As tradicionais placas azuis com os nomes das ruas da cidade vão mudar. São Paulo será dividida em nove regiões e cada uma terá placas com cores diferentes.
A ordem será definida a partir de um mapa da SPTrans, a empresa que gerencia o transporte coletivo da capital. Isto é, as placas deverão ter a mesma cor dos ônibus em cada região.
A zona sul, onde ficam os bairros de Jabaquara e Campo Limpo, será azul clara. A zona oeste, onde ficam Pinheiros e Butantã, laranja. Já o centro da cidade terá a cor branca (veja mapa nesta página).
Além das cores, haverá outras mudanças. Em vez de ter o nome inteiro escrito na placa, muitas ruas e alamedas ganharão inscrições com seus "apelidos", como já ocorre em grandes avenidas. O nome completo permanecerá na parte de baixo das placas.
Um exemplo é o da rua Corifeu de Azevedo Marques, perto da Universidade de São Paulo. Com a nova placa, a inscrição em letras grandes trará o nome Corifeu.
As placas serão cobertas por uma película reflexiva, que permite ao motorista ver o nome da rua com mais nitidez durante a noite e a uma distância de mais de cem metros. No canto inferior das placas estará a distância da rua em relação à praça da Sé, o marco zero de São Paulo.
"Vamos dar um padrão à cidade para facilitar o deslocamento dos pedestres e dos motoristas. Quando o turista ou mesmo o cidadão que mora na capital virem as placas coloridas, saberão em que região de São Paulo estão e a qual distância do centro se encontram", afirma Regina Monteiro, diretora de Meio Ambiente e Paisagem Urbana da Emurb (Empresa Municipal de Urbanização).
O projeto da prefeitura paulistana deve começar a ser implantado no segundo semestre. "Vamos começar pelo centro histórico, cujas placas ficaram abandonadas nos últimos anos", diz Monteiro.
As primeiras 2.100 placas serão afixadas nas praças da Sé e República. Terão fundo branco e letras pretas.

Nova publicidade
A segunda etapa dependerá de duas licitações que estão sendo preparadas e vão mudar toda a publicidade feita hoje no mobiliário urbano de São Paulo.
O prefeito Gilberto Kassab (PFL) pediu a assessores que estudem meios de reduzir a veiculação de anúncios publicitários na cidade. Ele avalia que o descontrole do setor provoca uma poluição visual muito grande.
Até outubro de 2005, uma empresa -a Plamarc- tinha um contrato de exclusividade com a prefeitura para a instalação e manutenção de 36 mil das 136 mil placas de rua da cidade, o que incluía também a veiculação de anúncios em postes que prendem as placas em esquinas.

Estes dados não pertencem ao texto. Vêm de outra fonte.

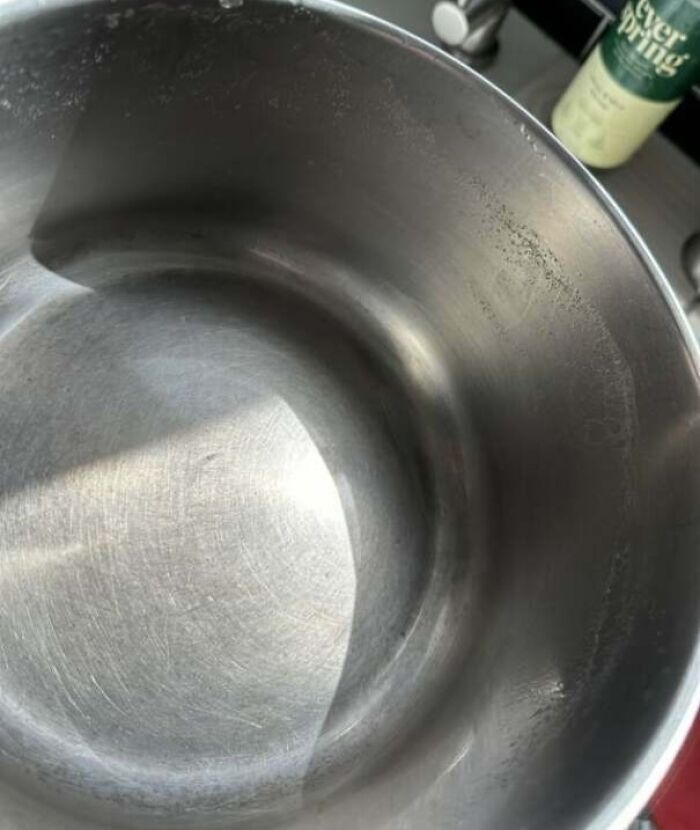 Empty stainless steel pot with water marks and scratches, illustrating infuriating examples of men being men.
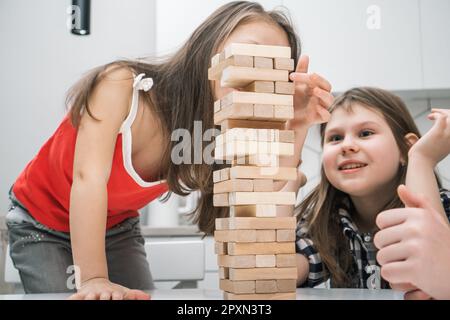 Eine Gruppe begeisterter Kinderspieler spielt Brettspiel Jenga auf dem Tisch in der Küche zu Hause, Bauturm aus Holzbalken. Brettspiele, Stockfoto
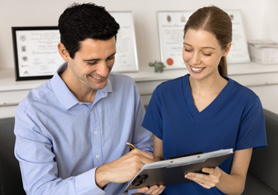 a dental assistant helping a patient fill out paperwork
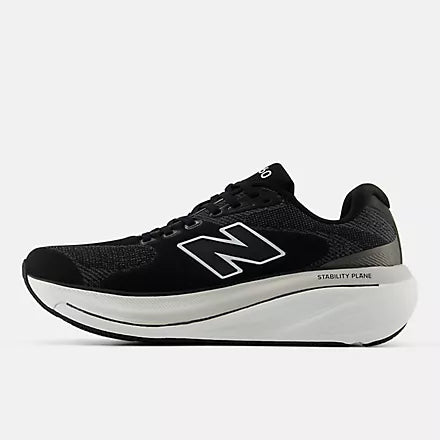 Men's New Balance 860 v15. Black upper. White midsole. Medial view.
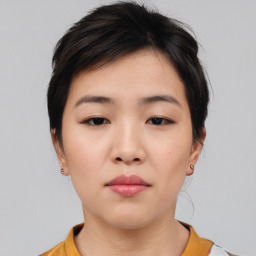 Neutral asian young-adult female with short  brown hair and brown eyes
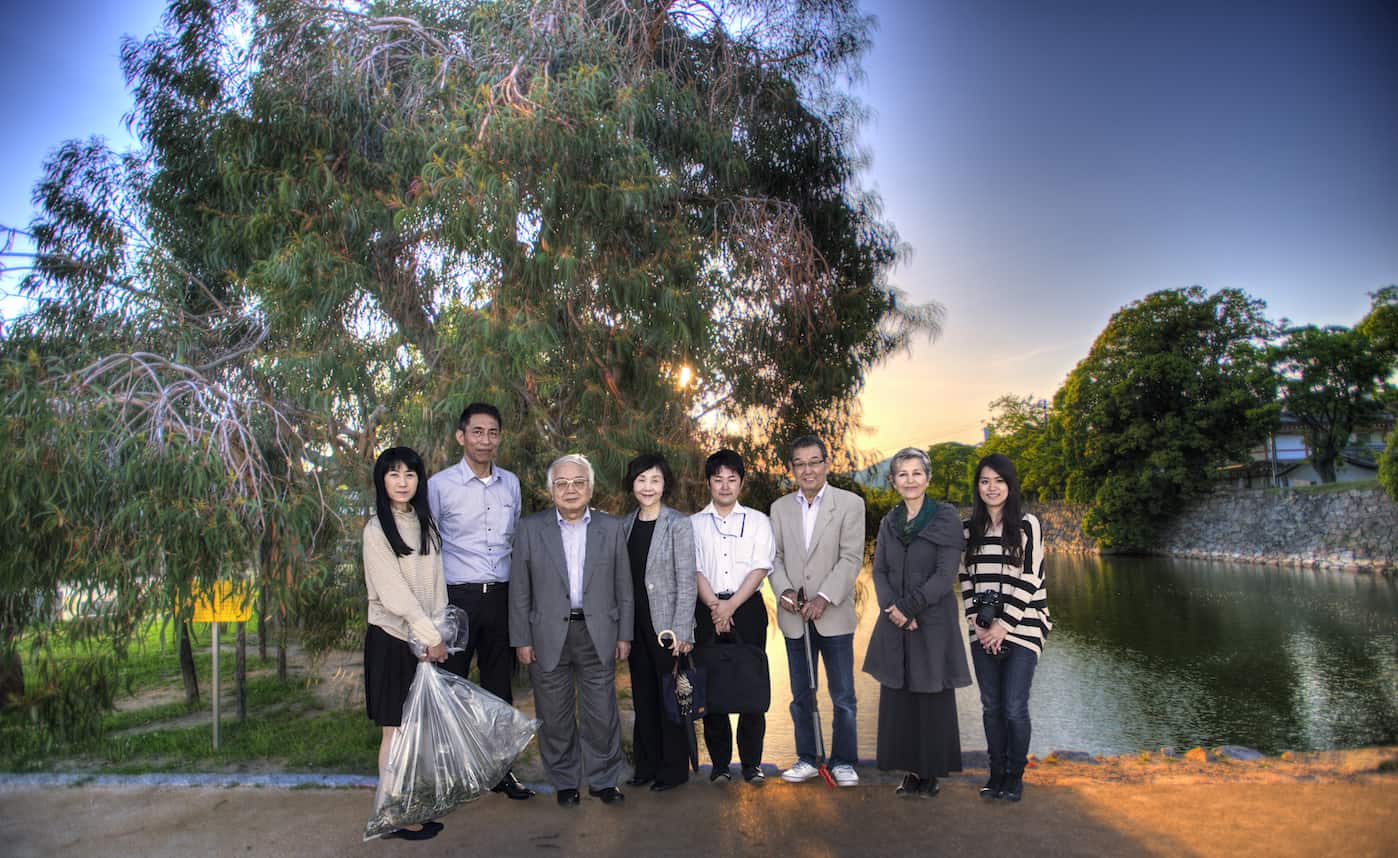 nassrine azzimi and the green legacy team in front an a-bomb survivor tree in the grounds of hiroshima castle in japan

O contrato acabou, e os postes estão desde então sem publicidade. Neste ano, a prefeitura pretende manter os postes sem anúncios. Mas abrirá uma licitação para que a partir de 2007 empresas particulares se responsabilizem pela publicidade nas placas de rua e também no restante do mobiliário urbano, como pontos de ônibus, lixeiras e sanitários públicos.
Até o ano passado, o município ficava com 10% da receita com publicidade dos postes -cerca de R$ 150 mil por mês.

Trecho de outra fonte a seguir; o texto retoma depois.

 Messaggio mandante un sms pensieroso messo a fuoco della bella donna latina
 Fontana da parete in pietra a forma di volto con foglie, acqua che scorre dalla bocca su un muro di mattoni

Com a nova regulamentação, a prefeitura espera aumentar o faturamento, reduzindo o número de locais onde poderá ser feita a publicidade e elevando o preço unitário de cada anúncio.
Júlio Albieri Neto, sócio-gerente da Plamarc, empresa que deteve a exclusividade das placas por 27 anos na cidade, diz que vai aguardar o edital da prefeitura para decidir se concorrerá ao serviço no novo modelo. "Se for factível, temos interesse", afirmou.